Piedmont Boys frontman Greg Payne has always had three passions: football, baseball, and music. After college, the Greenville native played minor league baseball for two years. He then played Arena League Football for a year. But he didn't fully embrace his third love until he hit his 30s. He now realizes that he may have the most talent for it.
"Once you get to that next level, and you're against those guys, you learn a lot about yourself," recalls Payne of his professional sports careers. "So I don't have any regrets over either of those. I felt like I pushed myself as far as I could."
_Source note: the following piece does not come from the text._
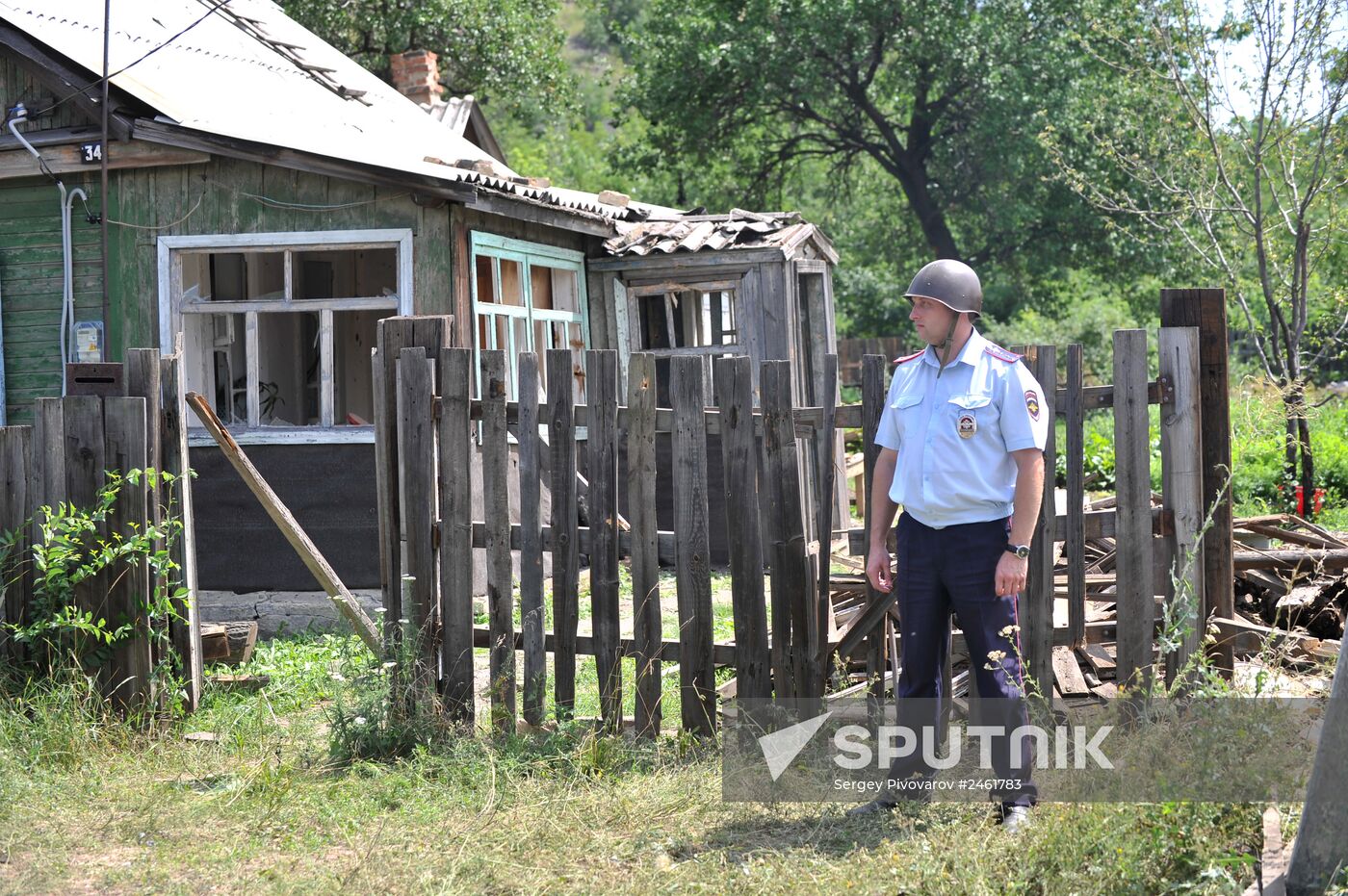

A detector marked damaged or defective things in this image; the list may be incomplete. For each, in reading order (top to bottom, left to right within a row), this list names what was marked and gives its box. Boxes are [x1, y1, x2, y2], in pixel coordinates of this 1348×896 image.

broken window [169, 231, 409, 439]
broken window [469, 230, 584, 401]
For the last five years, Payne's been pushing himself and his five-piece band as far as he can. "I didn't want to turn 50 and regret it," he says. "A buddy of mine passed away, and I just said, 'I'm gonna start a band. I'm gonna start writing songs and play in little bars.' I really wanted to give it a fair shot and bring out the best of what I had in music, but it's gotten way bigger than I ever thought it would be."
The Piedmont Boys evolved from a two-piece Greenville bar act to a five-piece country-bluegrass juggernaut. The band releases its third album, All on Red, this week. The official CD release show is at the Handlebar in Greenville on Nov. 23. They'll extend the party to the Windjammer this Saturday.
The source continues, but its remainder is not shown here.